2005 Koen Tanghe (Ghent University). 2007 resurrection Jouni Paulus (Tampere University of Technology)

Participants

Jouni Paulus (Tampere University of Technology) jouni[dot]paulus[at]tut[dot]fi

Description

The task consists of determining the positions (localization) and corresponding drum class names (labeling) of drum events in polyphonic music. This is very interesting rhythmic information for the popular music genres nowadays, can help in determining tempo and (sub)genre, and can also be queried for directly (typical rhythmic sequences/patterns).

1) Input data The only input for this task is a set of sound file excerpts adhering to the format and content requirements mentioned below.

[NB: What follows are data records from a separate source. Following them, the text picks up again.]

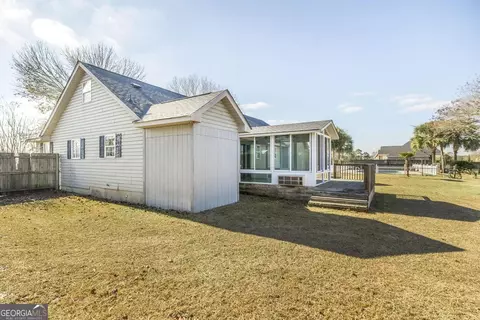 Exterior - 282 Terrell Rd, Elko, GA 31025 photo 6 of 11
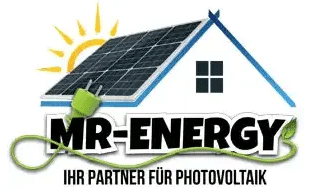 MR Energy - Ihr Partner für Photovoltaik in Niedersachsen in Friesoythe - Logo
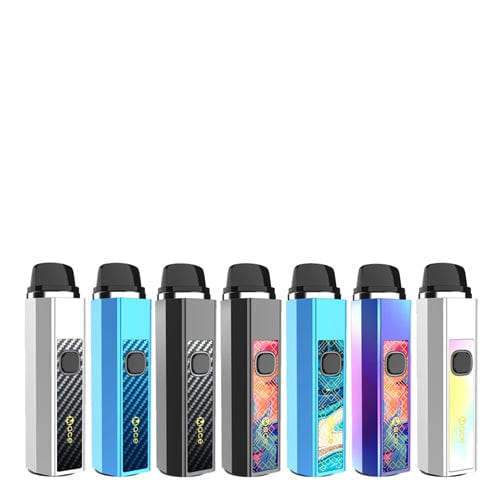 One Vape Pod System One Vape Mace 55 Pod Device Kit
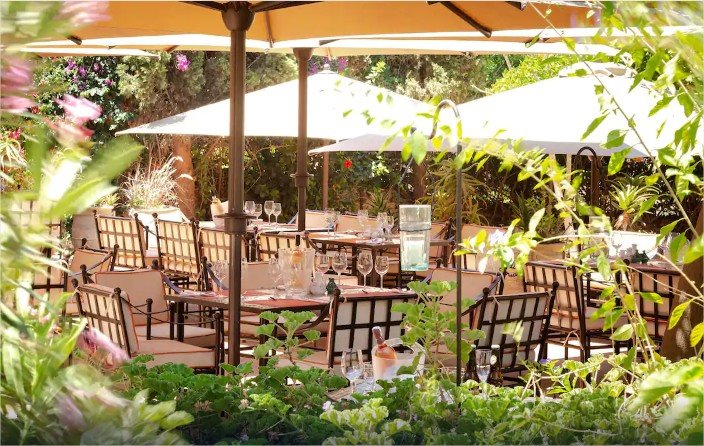 Le Jardin Des Douars en Morocco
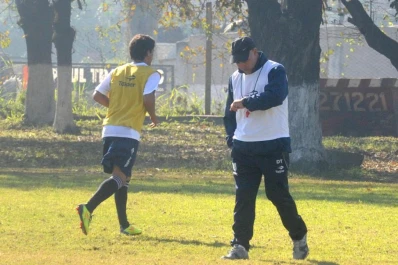 Perdió los estribos y ganó disgustos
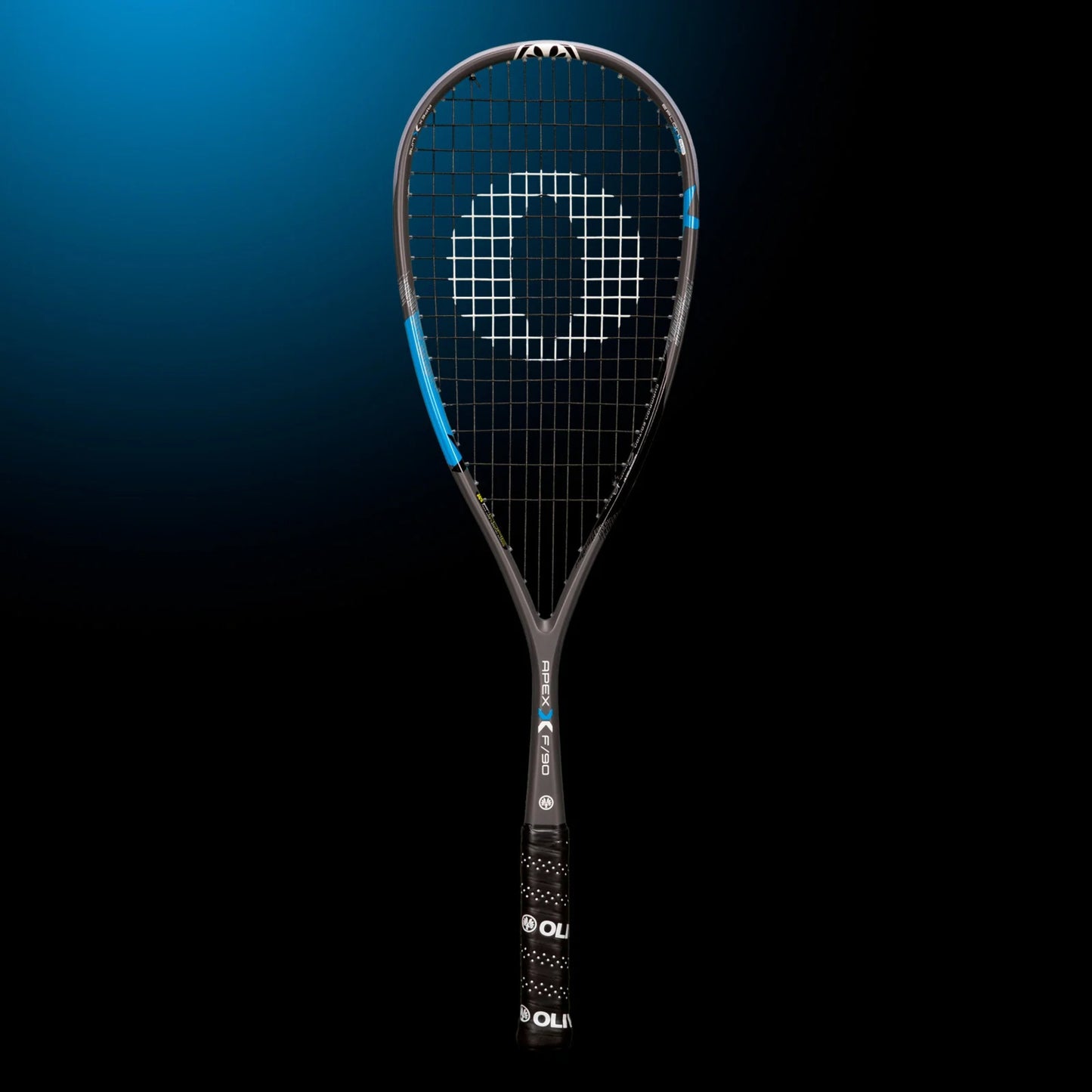 OLIVER RACKET SQ APEX F/90 115G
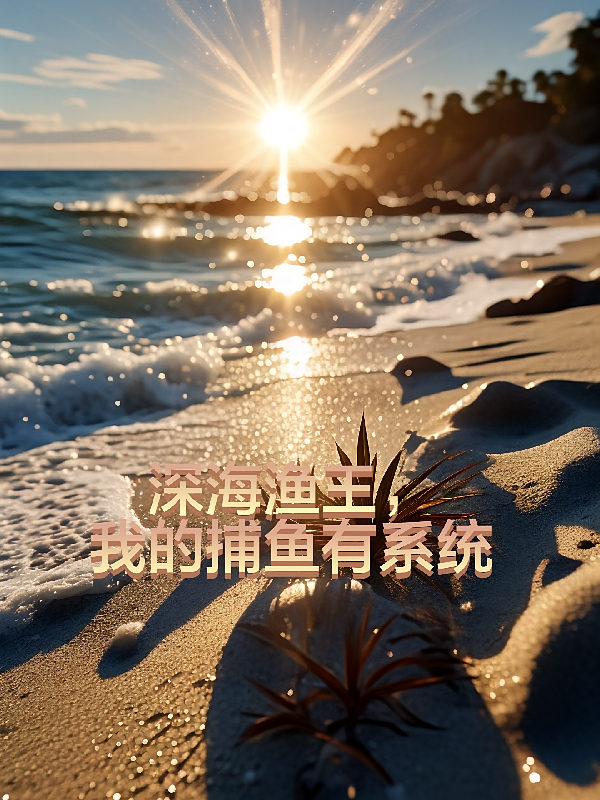 深海渔王，我的捕鱼有系统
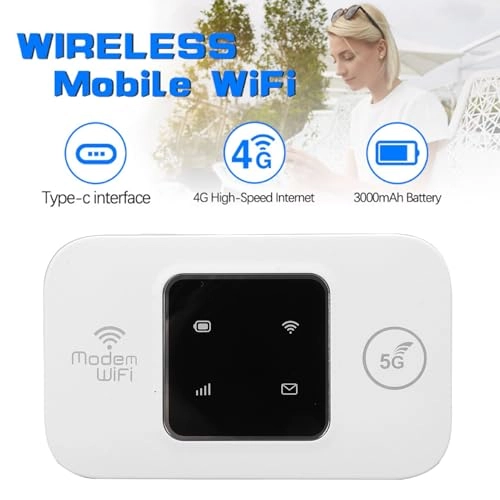 Luocuphz5a4xuso - 4G 5G 802.11 b/g/n 300Mbps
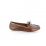 Timberland Long Vamp Boat Shoe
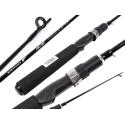 Удилище зимнее Salmo ICE ZANDER 50 см - ракурс 1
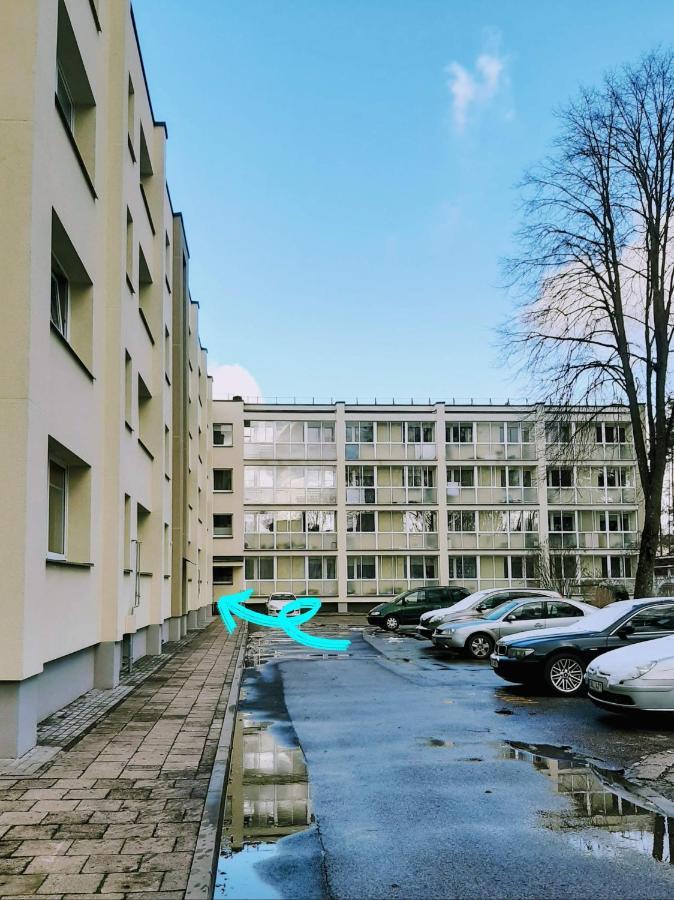 Irene Apartments Друскінінкай Екстер'єр фото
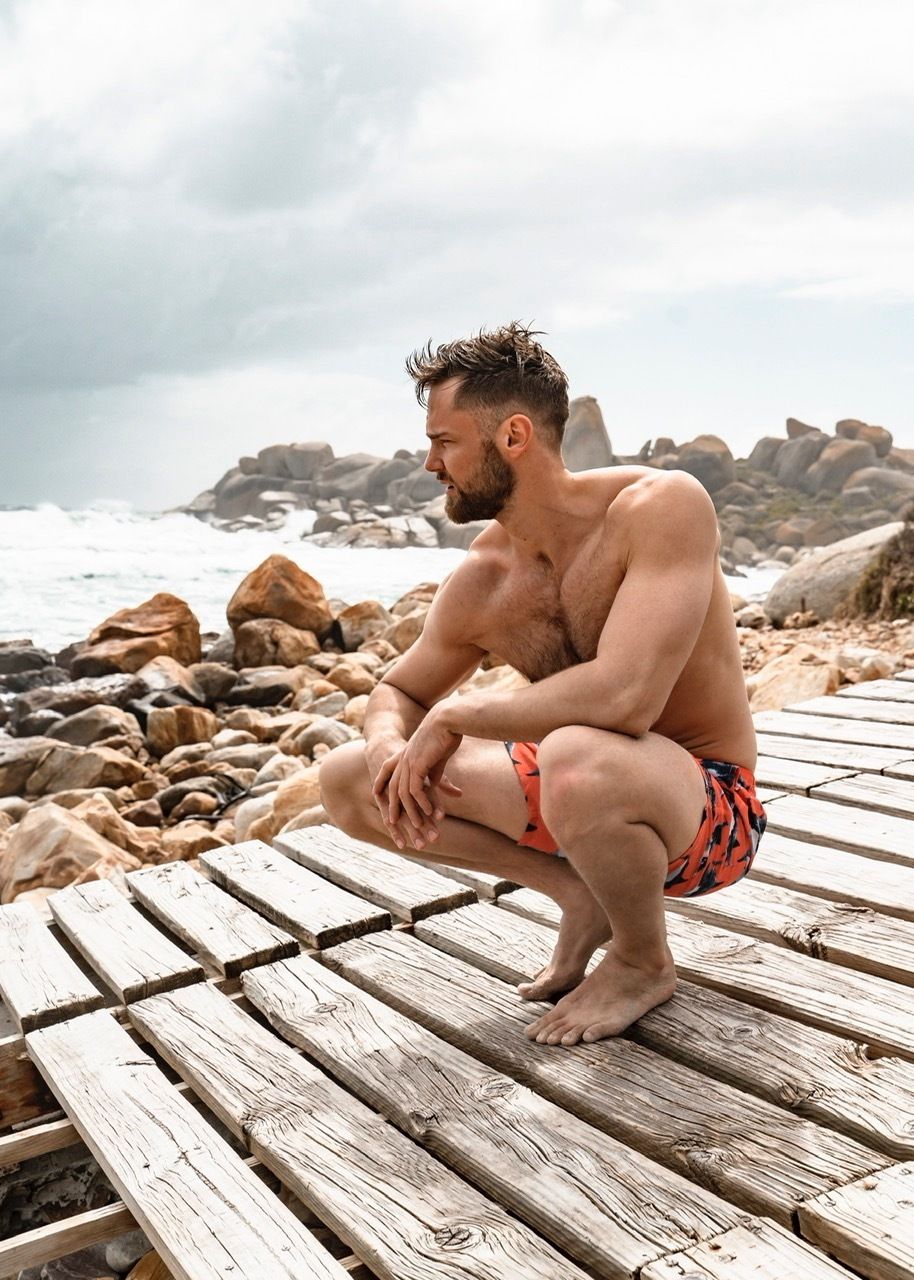 lucaswhite1991 OnlyFans profile picture
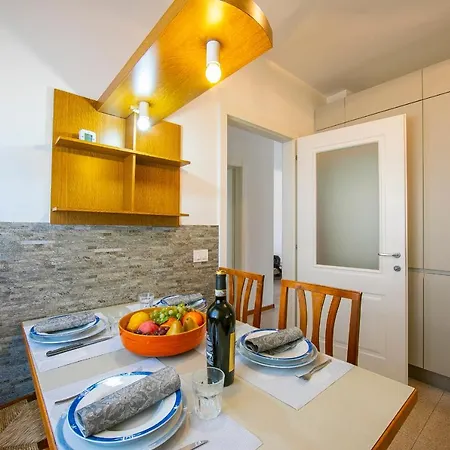 Apartment Casa Primula Torbole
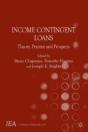 Income Contingent Loans - Preview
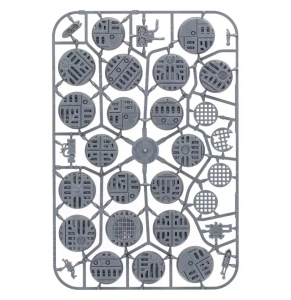 Warhammer 40000: Boarding Actions Void War Bases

Audio format:

  • CD-quality (PCM, 16-bit, 44100 Hz)
  • mono
  • 30 seconds excerpts (longer excerpts of whole pieces?)
  • files are named as "001.wav" to "999.wav" (or with another extension depending on the chosen format)

Audio content:

  • polyphonic music with drums (most)
  • polyphonic music without drums (only few))
  • different genres / playing styles
  • both live performances and sequenced music
  • different types of drum sets (acoustic, electronic, ...)
  • at least 50 files
  • participants receive a representative subset in advance

Distributed data

  • a representative random subset of the data will be made available to all participants in advance of the evaluation (20% of all available files, the organizers know how many they received on their ftp site)
  • this data can be used by the participants as they please
  • this data will not be used again during the evaluation

2) Output results The output of this task is, for each sound file, an ASCII text file containing 2 columns, where each line represents a drum event. The first column is the position (in seconds) of the drum event, and the second column is the label for the drum event at that position. Multiple drum events may occur at the same time, so there may be multiple lines having the same value in the first column. The file names of the output files are the same as the audio files, but the extension is ".txt" (so: "001.txt" for "001.wav").

Classes and labels that are considered:

  • BD (bass drum)
  • SD (snare drum)
  • HH (hihat, open, closed, pedal...)

Evaluation Procedures

  • F-measure (harmonic mean of the recall rate and the precision rate, beta parameter 1, so equal importance to prec. and recall) is calculated for each of three drum types (BD, SD, and HH), resulting in three F-measure scores and their average score
  • speed measure: the time it takes to do the complete run from the moment your algorithm starts until the moment it stops will be reported (relevance?)
  • parameter: the limit of onset-deviation errors in calculating the above F-measure is 30 ms (so a range of [-30 ms, +30 ms] around the true times)
  • condition: the actual drum sounds (sound samples) used in the input audio signal of each song are not known in advance
  • condition: participants who provided data and who need in-advance training or tuning, should only use the data made available to all participants by the organizers (If not, they should explictely state that they used their own data that was donated to the MIREX organizers so that this is known in public, and that they can be put in a separate category. They could also submit two versions: one trained with the public data only, and one trained as they had done before using all of their own data. The point is that this must be clear to everyone so that this is known for interpreting the evaluation results correctly.)